Carson Briere didn’t hold back from speaking about some of his past struggles he had on certain teams, being cut from a few and feeling like he did not deserve to play on them. However, he showed a great deal of maturity with what he said next, acknowledging that he was aware of such issues and how he could have worked harder. He took the time to slim down and get in better shape, changing both his mentality and outlook on the game and becoming much more confident.

Regardless of the highs and lows of his hockey past, having someone who had gone through similar situations there to support him along the way was always beneficial for him.

“I’m definitely lucky to have him as a dad and guide me through my hockey career," Briere said. "It's definitely made it a lot easier for me.” 


(Zack Hill/Philadelphia Flyers)

So what’s next for Carson Briere? 

“I’m just trying to get better, I’m taking it one day at a time," he said. "I don’t think there’s any pressure — if I don’t make it, I don’t make it.
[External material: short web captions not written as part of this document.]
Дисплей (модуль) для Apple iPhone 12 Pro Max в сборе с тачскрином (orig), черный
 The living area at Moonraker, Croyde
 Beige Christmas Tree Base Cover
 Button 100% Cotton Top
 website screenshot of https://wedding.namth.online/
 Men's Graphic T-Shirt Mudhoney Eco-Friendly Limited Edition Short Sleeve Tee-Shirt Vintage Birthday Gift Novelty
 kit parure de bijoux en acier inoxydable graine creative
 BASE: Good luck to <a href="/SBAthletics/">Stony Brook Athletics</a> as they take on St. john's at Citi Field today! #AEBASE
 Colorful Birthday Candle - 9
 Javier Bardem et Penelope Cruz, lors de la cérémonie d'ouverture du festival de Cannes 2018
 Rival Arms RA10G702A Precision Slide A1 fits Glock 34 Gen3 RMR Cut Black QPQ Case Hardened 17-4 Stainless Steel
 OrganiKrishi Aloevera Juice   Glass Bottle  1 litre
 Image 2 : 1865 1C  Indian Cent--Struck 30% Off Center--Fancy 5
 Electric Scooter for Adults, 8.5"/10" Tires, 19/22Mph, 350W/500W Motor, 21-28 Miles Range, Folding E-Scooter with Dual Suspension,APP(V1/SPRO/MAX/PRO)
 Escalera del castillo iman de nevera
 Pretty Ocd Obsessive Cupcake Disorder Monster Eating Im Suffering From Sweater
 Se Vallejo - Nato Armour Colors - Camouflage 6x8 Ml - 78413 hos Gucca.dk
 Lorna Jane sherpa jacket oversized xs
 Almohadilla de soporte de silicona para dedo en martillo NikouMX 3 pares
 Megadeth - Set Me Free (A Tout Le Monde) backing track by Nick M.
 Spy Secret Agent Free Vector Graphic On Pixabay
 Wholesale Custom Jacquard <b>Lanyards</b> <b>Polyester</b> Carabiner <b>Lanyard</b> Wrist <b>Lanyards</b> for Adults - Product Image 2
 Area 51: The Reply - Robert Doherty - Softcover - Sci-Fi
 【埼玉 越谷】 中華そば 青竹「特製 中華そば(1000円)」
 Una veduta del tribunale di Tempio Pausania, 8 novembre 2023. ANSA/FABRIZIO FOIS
If I do, I do. I’m just trying have some fun and get better at hockey and have it translate from college and we’ll see from there.” 

Briere is committed to Arizona State University, a Division I school where he will be able to advance his career even further.

Arizona State was always an enticing choice, considering he's from Scottsdale, Arizona — just one town over from where the school is located. While he never visited the campus in person, Briere was able to talk to his future Sun Devils coach Greg Powers a few times and the two had some great discussions. Since being from the area, Briere knew the kind of weather and atmosphere in Arizona, but his dad still sent him photos and videos of the campus just in case.

Briere was assigned No. 90 for development camp, but when asked about sporting or even requesting his dad’s old Flyers No. 48, he said: “Maybe in college — we’ll see.”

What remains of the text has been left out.